Mais, même si l’issue militaire de cette bataille donne la victoire aux forces gouvernementales, les populations irakiennes ne seront pas pour autant libérées des milices qui leur imposent leur loi.
Lors de leur expansion militaire en Irak, les troupes de l’État islamique ont profité de l’écœurement des populations sunnites vis-à-vis du gouvernement central de Bagdad. Ce dernier, mis en place avec le soutien des États-Unis et s’appuyant presque exclusivement sur des partis chiites, a mené une politique méprisant les populations en général et les populations sunnites en particulier.
Pour tenter de reprendre du terrain face à l’État islamique, le gouvernement irakien a laissé depuis plusieurs mois se réactiver d’anciennes milices chiites : certaines sont associées aux partis qui se partagent actuellement le pouvoir, d’autres sont liées à des partis qui avaient refusé de collaborer avec l’armée des États-Unis. Ainsi, parmi les 30 000 hommes qui mènent l’offensive actuellement sur Tikrit, plus de 20 000 sont des membres de milices islamistes, dont certaines, très bien armées, liées au chef religieux chiite Moqtada Sadr, ont lutté les armes à la main contre le gouvernement actuel.
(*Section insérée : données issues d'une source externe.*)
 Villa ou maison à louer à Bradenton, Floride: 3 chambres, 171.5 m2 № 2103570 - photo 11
La puissance régionale locale, l’Iran, en profite aussi pour pousser ses pions. Elle a d’abord contribué à l’armement des milices qui lui sont le plus liées, et elle a envoyé plusieurs milliers de soldats, avec à leur tête le général Ghassem Soleimani, chef des troupes d’élite iraniennes Al-Qods, pour diriger l’opération militaire sur Tikrit.
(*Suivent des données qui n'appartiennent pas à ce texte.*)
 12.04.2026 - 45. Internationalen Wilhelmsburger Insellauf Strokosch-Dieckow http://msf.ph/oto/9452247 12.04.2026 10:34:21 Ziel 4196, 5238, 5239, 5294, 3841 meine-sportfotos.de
Le fait qu’une partie de ces troupes soit profondément hostile aux États-Unis rend soucieux certains dirigeants américains, comme le général Petraeus, ancien chef de la CIA et superviseur des opérations militaires en Irak et en Afghanistan, qui a mis en garde contre le poids que prennent ces milices chiites, déclarant même : « L’État islamique n’est pas le plus grand danger qui menace l’Irak. » Mais, pour l’instant, les États-Unis font le choix de s’appuyer sur ces forces. Que ces milices se soient déjà rendues coupables d’exactions contre les populations sunnites et qu’elles soient tout aussi réactionnaires que celles de l’État islamique, cela ne les gêne pas.
On ne sait pas quelle sera l’issue des combats mais, si l’État islamique est vaincu, cela pourrait être pour laisser la place à tout aussi réactionnaire que lui. Mais il se pourrait aussi que les dirigeants impérialistes préfèrent que ni les uns ni les autres ne l’emportent, et que la guerre civile continue. Ils ont déjà agi dans ce sens en Syrie.
En Irak, comme dans tout le Moyen-Orient, le but des dirigeants impérialistes américains, français ou autres, n’est ni la paix, ni le bien-être des populations. C’est avant tout de maintenir leur domination. Et ils n’y réussissent qu’en dressant les populations les unes contre les autres, allant d’une solution instable à une autre, non sans laisser sur leur chemin des bombes à retardement.